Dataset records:

---------------

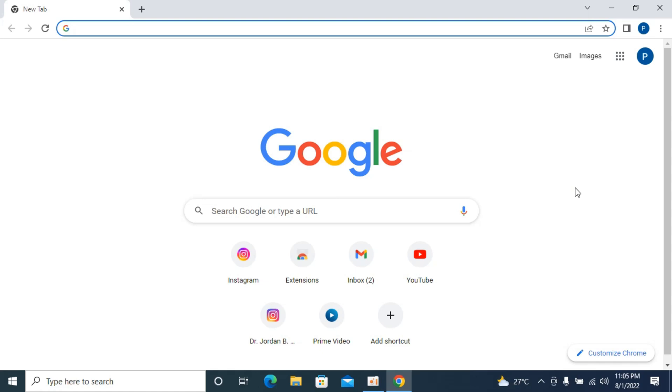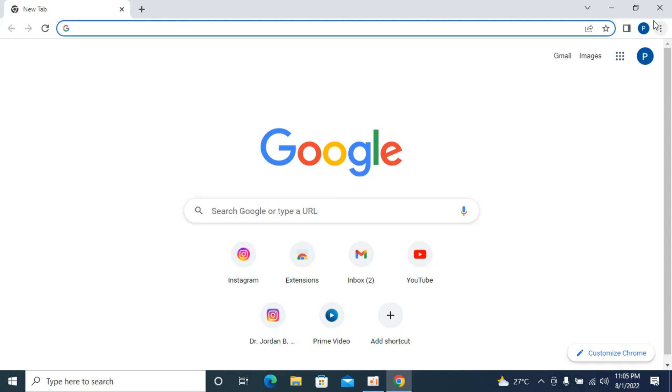The process to make Google Chrome your default browser on Windows is quite easy and simple. Simply open up your Chrome browser and click on these three dots at the right top corner.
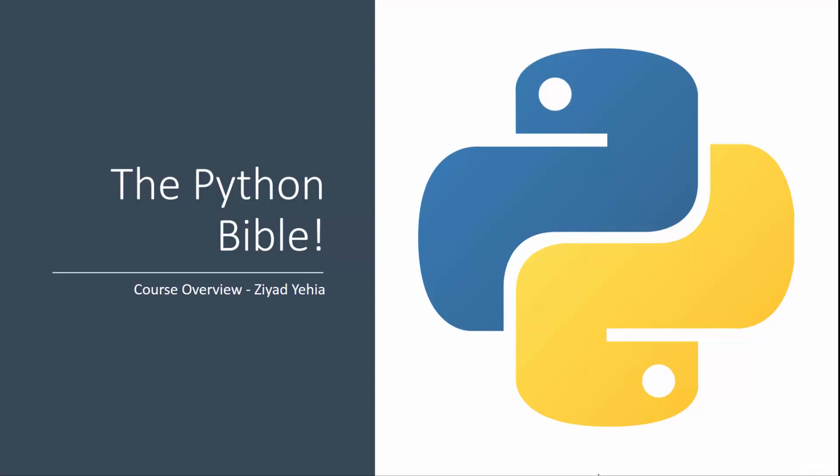Hello there you beautiful people and welcome to the Python Bible. This is just a quick video to let you know what you can expect from the course and how it's going to be structured. So what makes this course awesome?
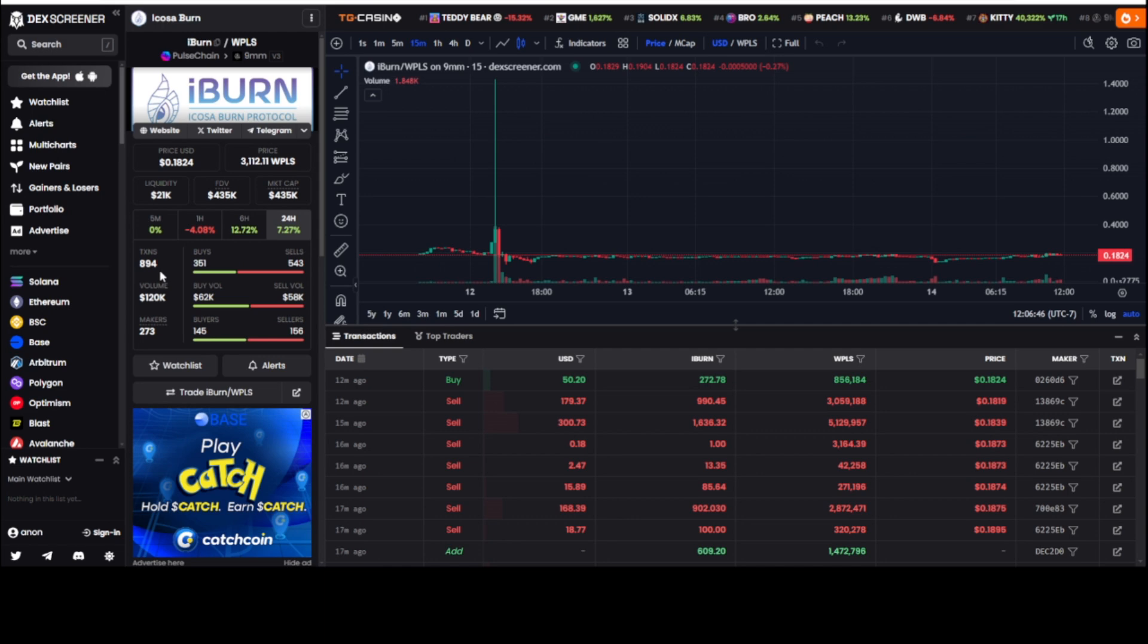Yeah, Thomas G here once again with another cryptocurrency video for you guys. Welcome to the channel. Don't forget to smash that like button, drop a comment. Remember, not a financial advisor, for damn sure not a professional. This is cryptocurrency, man. You got to do your own research.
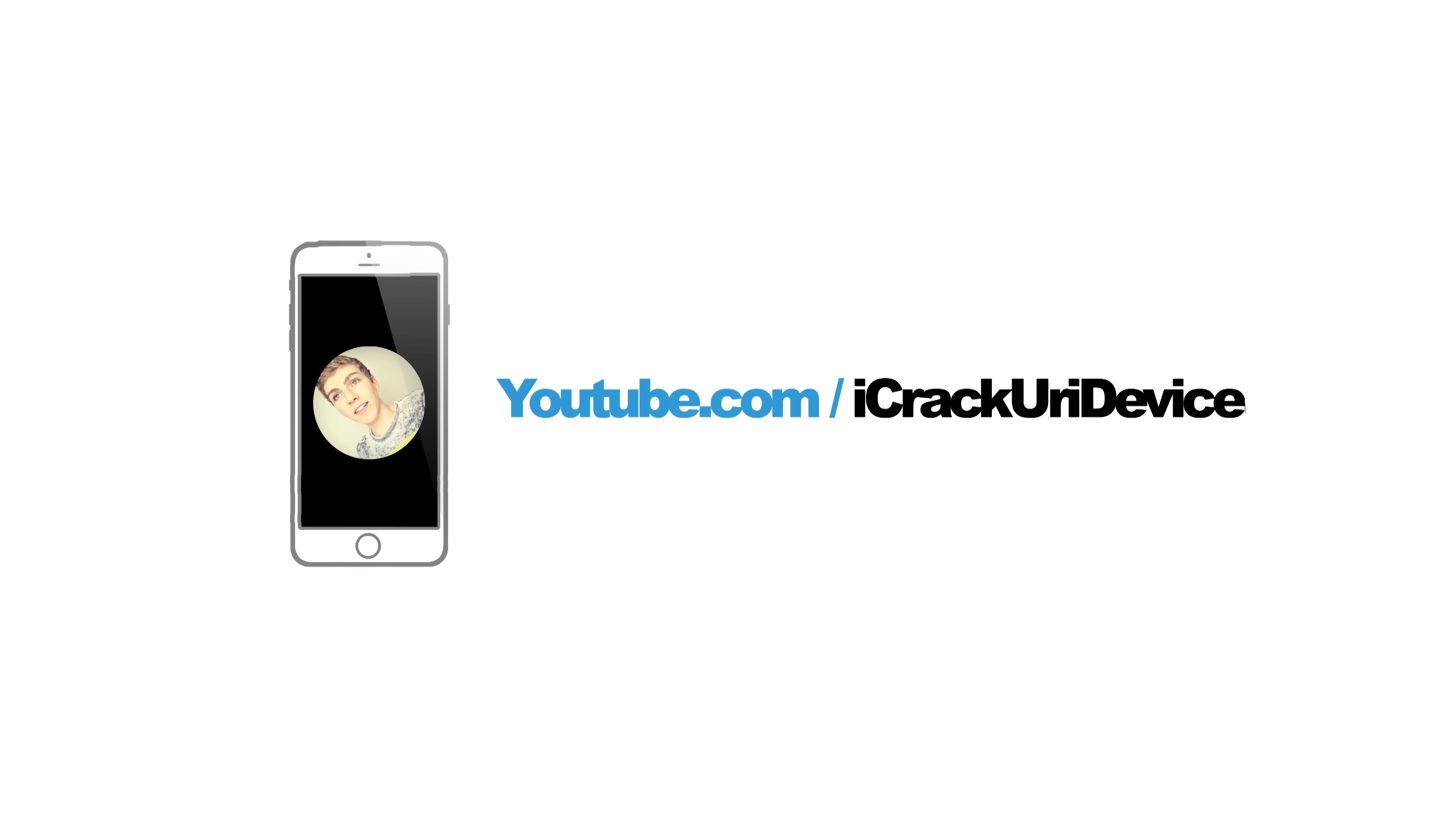And if you want to be notified more often, such as when I release videos similar to this one or covering things like iOS 9 or the upcoming iPhone 6s, then just be sure to like me on Facebook, follow me on Twitter and Instagram at ICUID. And until next time, this is ICU signing out.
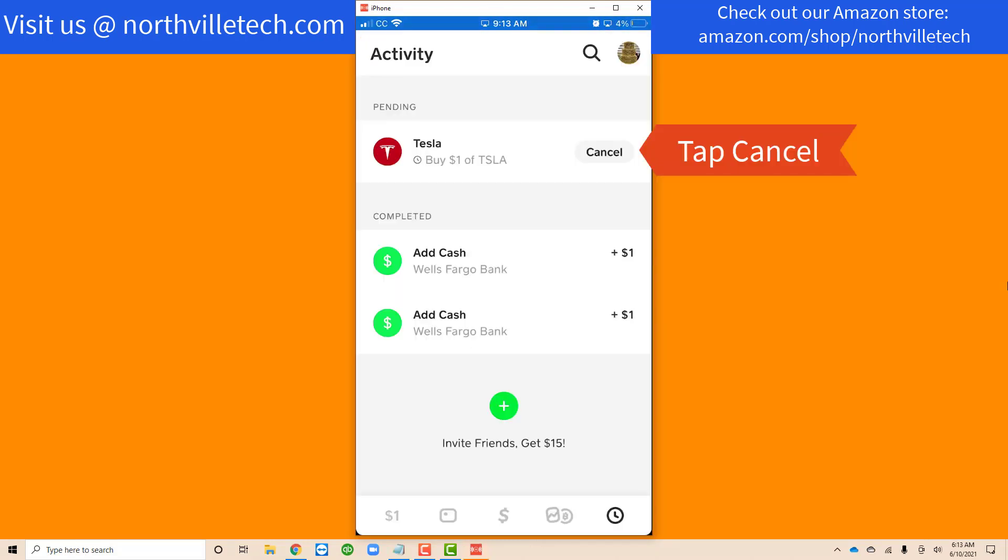On the activity screen, you should be able to see all your pending orders. As you can see, I have a pending buy order for Tesla.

---------------

What the task requires: When you output the entries, keep each line exactly as it is and leave out any pictures.

Solved problem:
The process to make Google Chrome your default browser on Windows is quite easy and simple. Simply open up your Chrome browser and click on these three dots at the right top corner.
Hello there you beautiful people and welcome to the Python Bible. This is just a quick video to let you know what you can expect from the course and how it's going to be structured. So what makes this course awesome?
Yeah, Thomas G here once again with another cryptocurrency video for you guys. Welcome to the channel. Don't forget to smash that like button, drop a comment. Remember, not a financial advisor, for damn sure not a professional. This is cryptocurrency, man. You got to do your own research.
And if you want to be notified more often, such as when I release videos similar to this one or covering things like iOS 9 or the upcoming iPhone 6s, then just be sure to like me on Facebook, follow me on Twitter and Instagram at ICUID. And until next time, this is ICU signing out.
On the activity screen, you should be able to see all your pending orders. As you can see, I have a pending buy order for Tesla.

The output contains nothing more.